Banur lantas menceritakan pengalamannya saat dilatih Anatoli Polosin sebelum Timnas Indonesia meraih medali emas SEA Games 1991. Pelatih asal Rusia itu menerapkan disiplin ketat dan juga latihan keras yang akhirnya berbuah manis berupa medali emas kedua sepanjang partisipasi Timnas Indonesia di SEA Games.
Dari kaca mata Banur, disiplin yang diterapkan Polosin dan Shin Tae Yong yang nyaris sama. Sedikit perbedaannya karena Polosin kerap menerapkan sanksi buat pemain yang dianggap tidak disiplin.
“Karena manajer Timnas Indonesia waktu itu IGK Manila, ada tentara yang jaga kami. Jadi kami terbantu, dibangunkan tidur sama mereka. Sebagai pemain kalau latihan fisik berat ya tidak boleh menyerah.
Kalau tidak tahan mental ya keluar. Saking beratnya latihan waktu itu, ada beberapa teman yang mengundurkan diri [dari TC Timnas Indonesia], termasuk Fakhri Husaini karena saking kerasnya latihan dan harus disiplin,” kata Banur.
“Di Rusia itu Polosin terbiasa menerapkan disiplin dalam bermasyarakat dan kehidupan bernegara.
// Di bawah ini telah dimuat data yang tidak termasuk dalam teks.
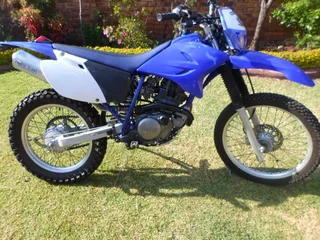 2007 Yamaha TTR 230cc off road.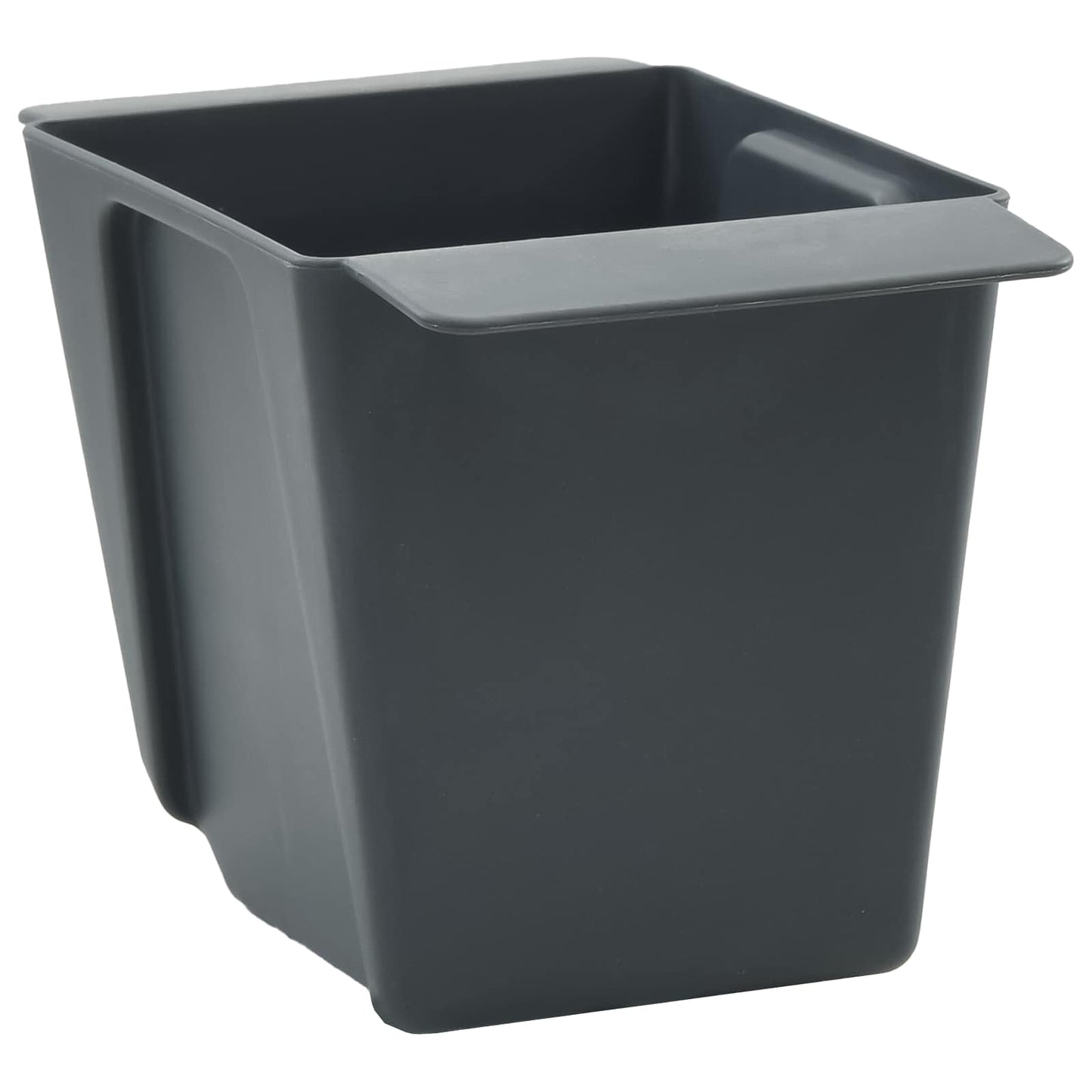 Gėlių dėžės Euro paletėms 24 pcs Pilka 13,5 x 9 x 9,5 cm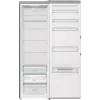 Lodówka Gorenje R619EAXL6 Wolnostojąca 398 L Szara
Jadi buat mereka disiplin itu juga sebuah budaya. Apalagi ini menyangkut timnas. Kalau hal kecil saja tidak disiplin, bagaimana nanti di lapangan saat pertandingan,” ia menuturkan.
Sementara itu, Ricky Yakobi mengaku agak aneh dengan pencoretan dua pemain karena dianggap indisipliner setelah telat mengikuti sesi latihan. Ia justru mempertanyakan peran rekan satu tim dan staf kepelatihan yang tidak membantu membangunkan rekannya yang telat bangun.
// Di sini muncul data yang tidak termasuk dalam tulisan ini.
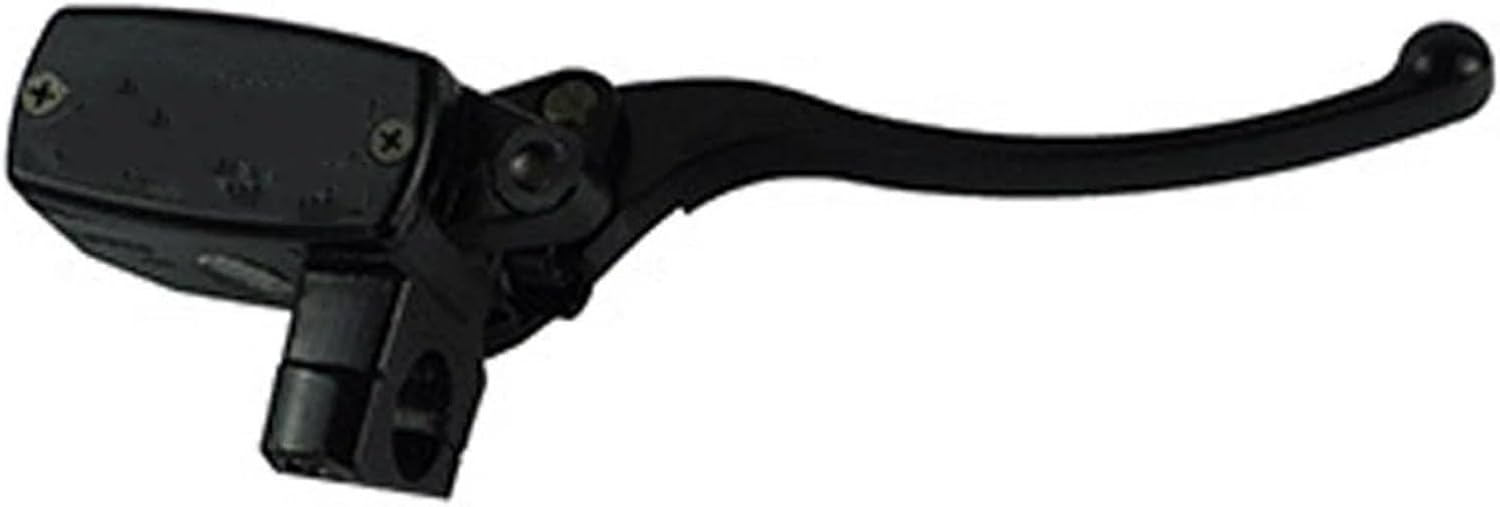 Handlebar Brake Clutch Lever for Valkyrie GL for 1500 VT for Shadow 1100 for VTX 1300 1800 Motorcycle Brake Clutch Master Cylinder Reservoir Levers(Left Right - Black)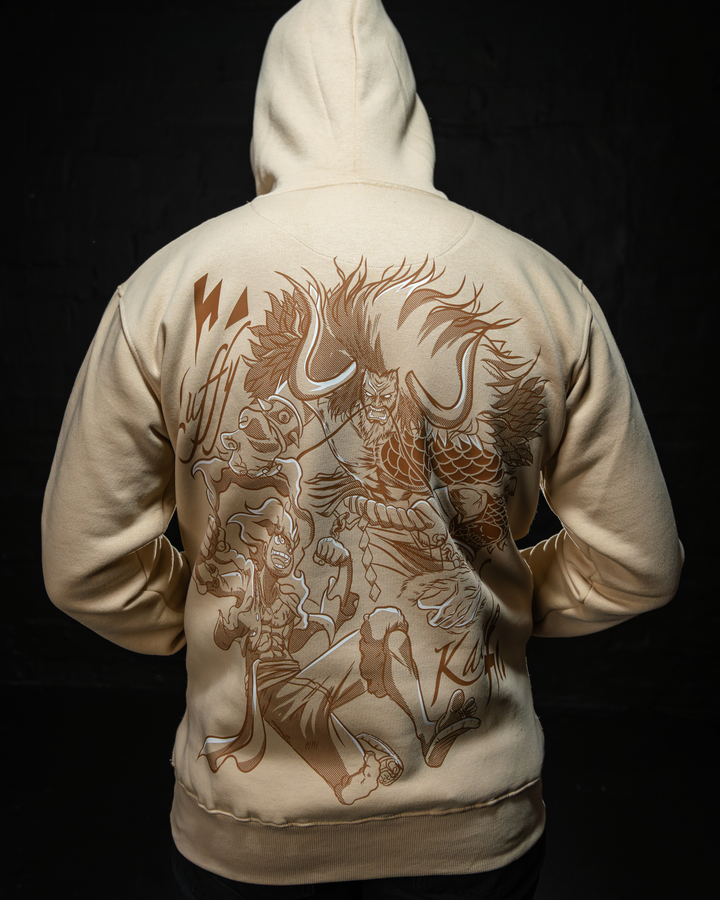 Wano Clash Hoodie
“Bisa saja keterlambatan bangun itu karena faktor kelelahan. Setiap pemain kondisi fisiknya kan beda-beda setelah menjalani latihan keras. Yang saya tahu, kan mereka di tempatkan di satu lokasi yang sama.
Mestinya pemain sadar ketika ada pemain lain yang belum hadir,” tutur pria yang juga legenda Timnas Indonesia ini.
“Biasanya dan baiknya mereka saling mengingatkan satu sama lain dalam segala hal. Bagaimana caranya supaya hal-hal yang seperti itu tidak terjadi,” ia menambahkan.
Kendati demikian, Ricky mengatakan pemain harus bisa menerima risiko jika tidak bisa mematuhi aturan yang diterapkan pelatih. Sebab, pemain yang sudah masuk TC punya target dan tujuan untuk mencapai prestasi yang diharapkan.
“Dua pemain ketiduran lalu dicoret buat saya aneh. Harusnya itu tidak terjadi. Apa salahnya mereka yang kamarnya bersebelahan, kamar temannya diketok, dibangunkan.
Kalau pemain tidak bagus dari latihan fisik, tidak mencapai target yang diharapkan kan hasilnya nyata. Kalau keterlambatan karena ketiduran aneh buat saya,” ujarnya.
Ricky juga menceritakan bagaimana masa-masa berat yang dijalaninya ketika masuk TC SEA Games 1991 bersama Polosin. Buat Ricky hal itu jadi pengalaman terberat dan paling berkesan meskipun ia mundur dari tim hanya dua minggu sebelum SEA Games 1991 dimulai.
Ricky menjelaskan bahwa keputusan mundurnya waktu itu bukan karena tidak sanggup menjalani latihan berat bersama Polosin. Tapi ada hal lain di luar sepak bola yang membuatnya memutuskan hal itu.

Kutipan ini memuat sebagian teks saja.